What I had not properly understood until late in 2004 was that for
this work, like various others of mine, I had actually been tapping a
very deep and ancient source within my consciousness, and so I
eventually changed its title from the original one of Mandala
Dance for Padmasambhava.
The two short chant melodies are the sole material of the piece, though both are often used upside-down, which effectively produces a different melody, and also half-speed versions of either form appear. Also, I use the two versions of each chant from my original transcriptions. Actually I do something interesting and important with the chants. In various Eastern traditions seemingly endless repetition of mantras is considered a highly desirable thing to do, as it functions like very intensive use of meditation in stilling the mind and opening up high spiritual connections. However, as I now understand, such practices used regularly are highly problematical.
I have a very different approach to the use of mantras, in which their repetition is fundamentally a creative force instead of just a quietening and stilling force. My use of repeated mantras in fact reflects the creative force of the creator consciousness itself, in manifesting as waves and peaks of expansion interspersed by phases of contraction and looking into the central core, only to expand again.
The orchestration is mostly very sparing, the choir getting most of the attention. The work is in three sections, which are played without a break.
The first uses solely what I think of as the 'galloping' chant, in its simpler, Westernized version. It is so fast that the choir will have some difficulty in articulating the first three syllables, OM AH HUNG, but that truly is the speed of the work and of the original chant; any attempt to slow it down will destroy its dance character. Priority should be given to articulating the dotted rhythm correctly, even if that precludes the AH being heard clearly. The basses of the second choir get a lot more work than the rest, as for much of the time they sing the mantra at the low pitch of the original chant to form the foundation of the various soaring and vaulted structures of sound that unfold from the rest of the choir.
The middle section brings in the less fast and more plainsong-like chant, with a crude imitation of the melismata (ornaments) of Chagdud Tulku's chant; however, the simpler version of the chant without the melismata is used in the denser polyphonic passages for the choir, to avoid undue confusion of sound. This chant is soon worked in with the galloping chant. The speed of this section is that of the original plainsong-like chant, which requires the galloping chant to be rendered a little more slowly than previously in order to fit properly (sighs of relief from choir!).

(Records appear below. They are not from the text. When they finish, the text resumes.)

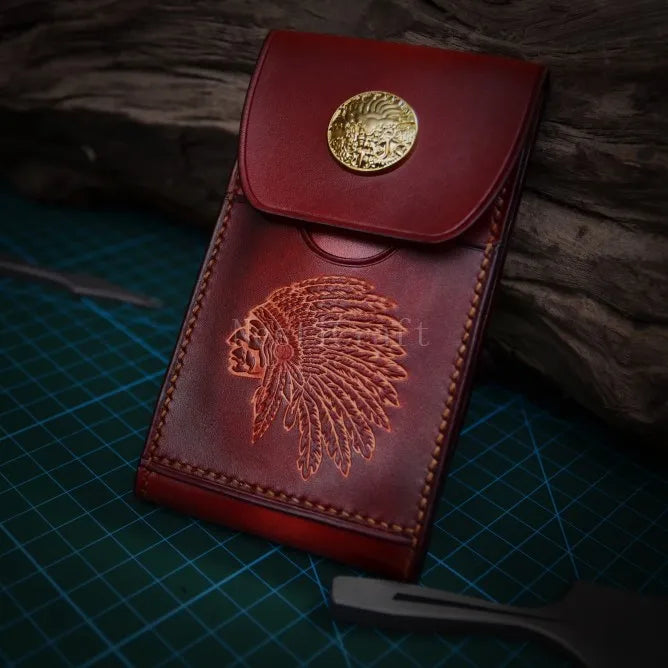 Handmade Top-Grain Leather Phone Pouch / Case with Embossed Artwork by Nesti Craft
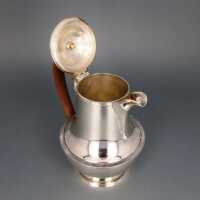 Beautiful Art Deco mocha pot in sterling silver and wood London England 1928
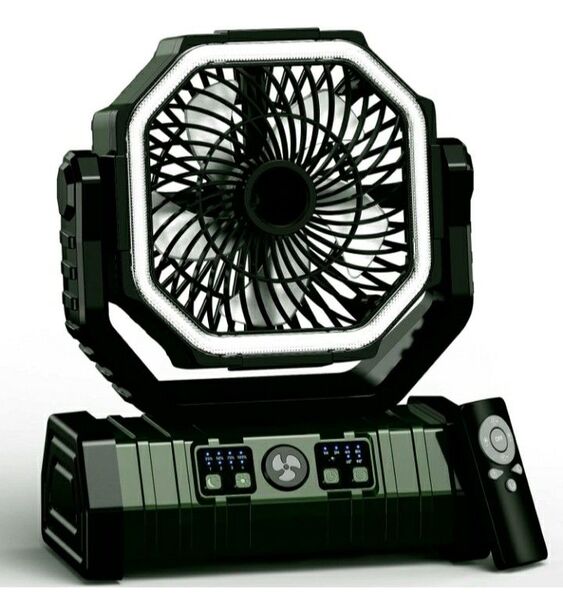アウトドア 扇風機 サーキュレーター 充電式 キャンプ リモコン付き 自動首振り ポータブル ブラック 20000mAh
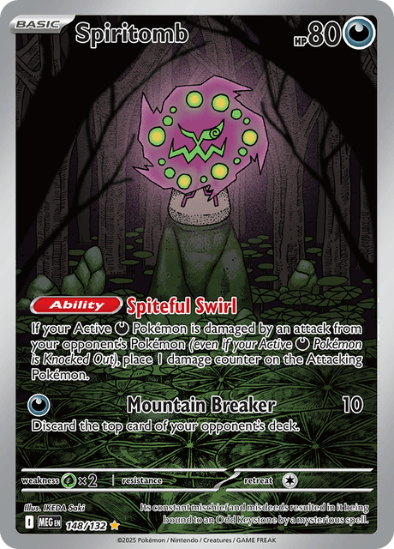 Pokémon Spiritomb card with dark forest background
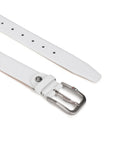 GIL White Feather-Edge Men's Leather Belt | Wrinkle-free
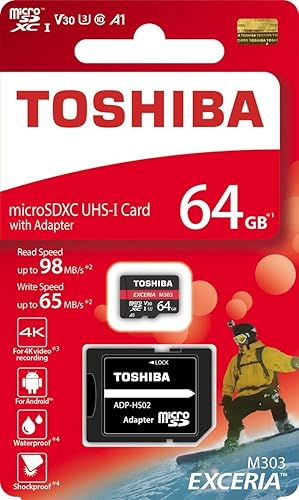 Toshiba 64GB 64G EXCERIA M303con adaptador SD tarjeta de MicroSDXC UHS-I U34K class10V30A1MicroSD tarjeta de memoria Micro tarjeta SD de lectura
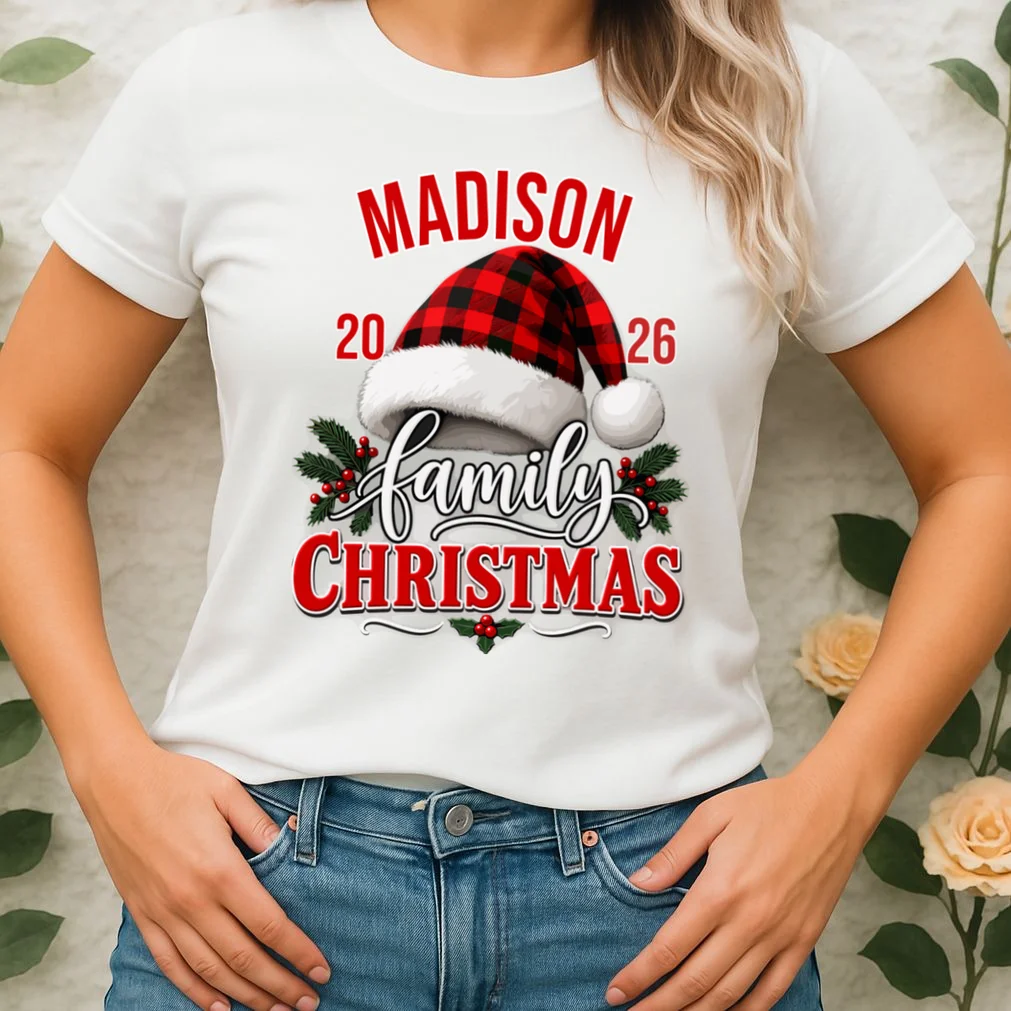 Family Christmas 2026 – Buffalo Plaid Santa Hat & Holly Holiday Design Women's T-Shirt - Front 1
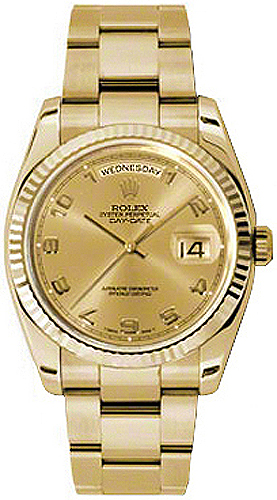 repliche Orologio da polso Rolex Oyster Day-Date 36 con cornice scanalata 118238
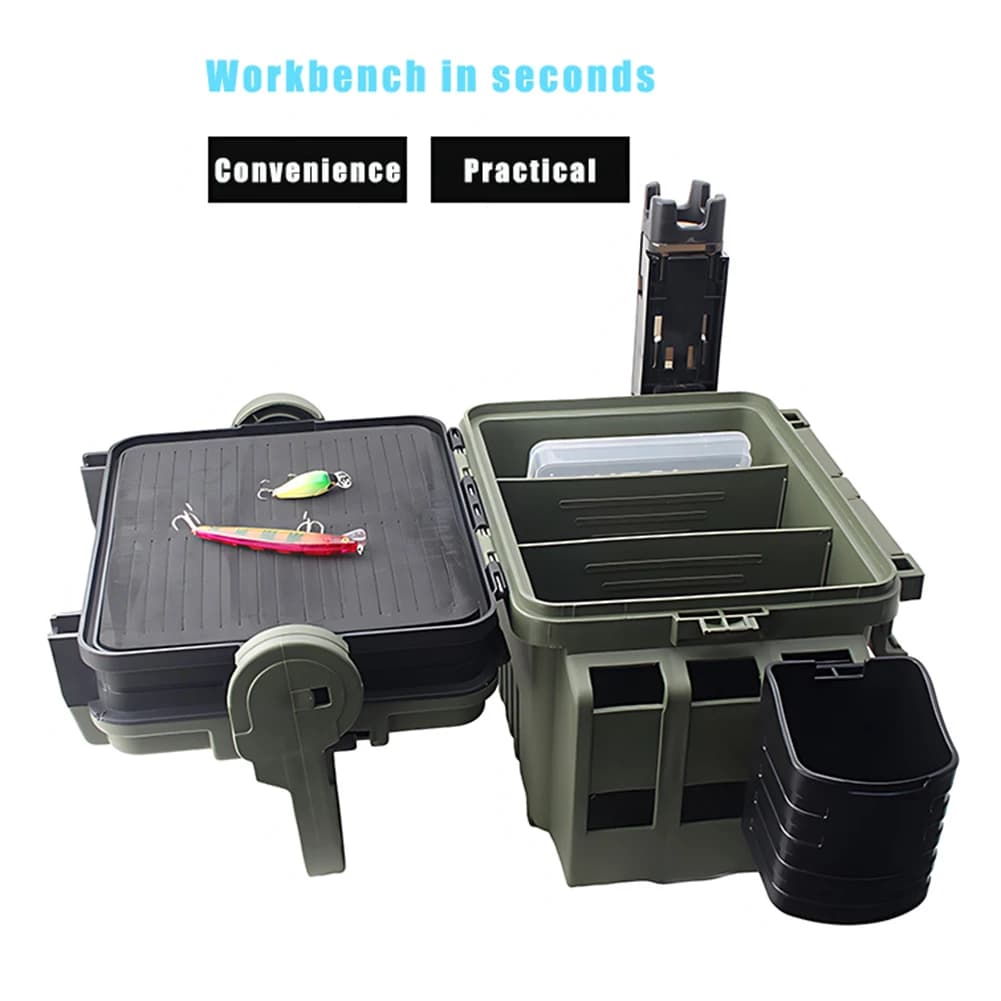 Fishing Tool Box Multi-layer Portable Lure Hook Box Multifunctional Large Capacity Seatable Rod Insert Slot for Angling Lovers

The final section is a somewhat expanded and more intense repeat of the first section, using the original, non-Westernized version of the 'galloping' chant, in which the words are placed illogically, in such a way that choirs singing the work will find them very tricky to articulate at the required speed. The chanting builds up into a rapturous intensity that has about it an air of cosmic craziness in its polytonality -- throwing to the winds the humdrum limitations of unenlightened existence. The ending of the work is a nonsense, an illusion, just to satisfy non-enlightened Western sensibilities: the wise listener will understand that the music, the rejoicing, like the enlightened state, really has neither beginning nor end. At least I've tried to make a little sense of it by having the choir finish on the joyful cry 'Emaho!', which is a Tibetan exclamation meaning approximately 'Wonderful!'.
Ancient Chants of Enlightenment is a multitudinous celebration of the enlightened state and the whole of Creation, the chants building into great edifices of rejoicing splendour. May it bring forward the full enlightenment of all who perform or even just hear it!